2. The PHASE copper trace serves two purposes; In addition to being the current path from the Power Stage package to the output
inductor (L), it also serves as heat sink for the lower FET in the Power Stage package. The trace should be short and wide enough to
present a low resistance path for the high current flow between the Power Stage and the inductor. This is done to minimize conduction
losses and limit temperature rise. Please note that the PHASE node is a high voltage and high frequency switching node with high
noise potential. Care should be taken to minimize coupling to adjacent traces. The reference layout in figure 31 shows a good balance
between the thermal and electrical performance of Power Stage.
3. Output inductor location should be as close as possible to the Power Stage device for lower power loss due to copper trace
resistance. A shorter and wider PHASE trace to the inductor reduces the conduction loss. Preferably the Power Stage should be
directly in line (as shown in figure 31) with the inductor for space savings and compactness.
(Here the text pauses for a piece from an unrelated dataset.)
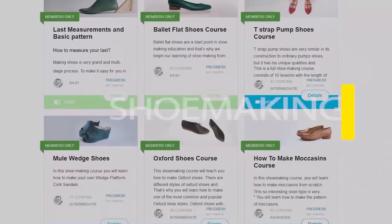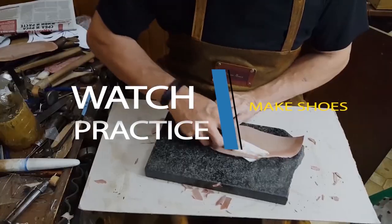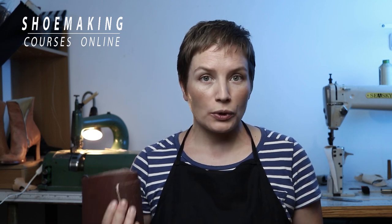Learn how to make shoes with my step-by-step video courses. This is sandpaper. Should you use this simple material in making your shoes? Definitely yes. We as shoemakers use sandpaper a lot in many different steps of shoemaking.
4. The PowerTrench® Technology MOSFETs used in the Power Stage are effective at minimizing phase node ringing. It allows the
part to operate well within the breakdown voltage limits. This eliminates the need to have an external snubber circuit in most cases. If
the designer chooses to use an RC snubber, it should be placed close to the part between the PHASE pad and S2 pins to dampen
the high-frequency ringing.
5. The driver IC should be placed close to the Power Stage part with the shortest possible paths for the High Side gate and Low Side
gates through a wide trace connection. This eliminates the effect of parasitic inductance and resistance between the driver and the
MOSFET and turns the devices on and off as efficiently as possible. At higher-frequency operation this impedance can limit the gate
current trying to charge the MOSFET input capacitance. This will result in slower rise and fall times and additional switching losses.
Power Stage has both the gate pins on the same side of the package which allows for back mounting of the driver IC to the board. This
provides a very compact path for the drive signals and improves efficiency of the part.
6. S2 pins should be connected to the GND plane with multiple vias for a low impedance grounding. Poor grounding can create a noise
transient offset voltage level between S2 and driver ground. This could lead to faulty operation of the gate driver and MOSFET.
7. Use multiple vias on each copper area to interconnect top, inner and bottom layers to help smooth current flow and heat conduction.
Vias should be relatively large, around 8 mils to 10 mils, and of reasonable inductance. Critical high frequency components such as
ceramic bypass caps should be located close to the part and on the same side of the PCB. If not feasible, they should be connected
from the backside via a network of low inductance vias.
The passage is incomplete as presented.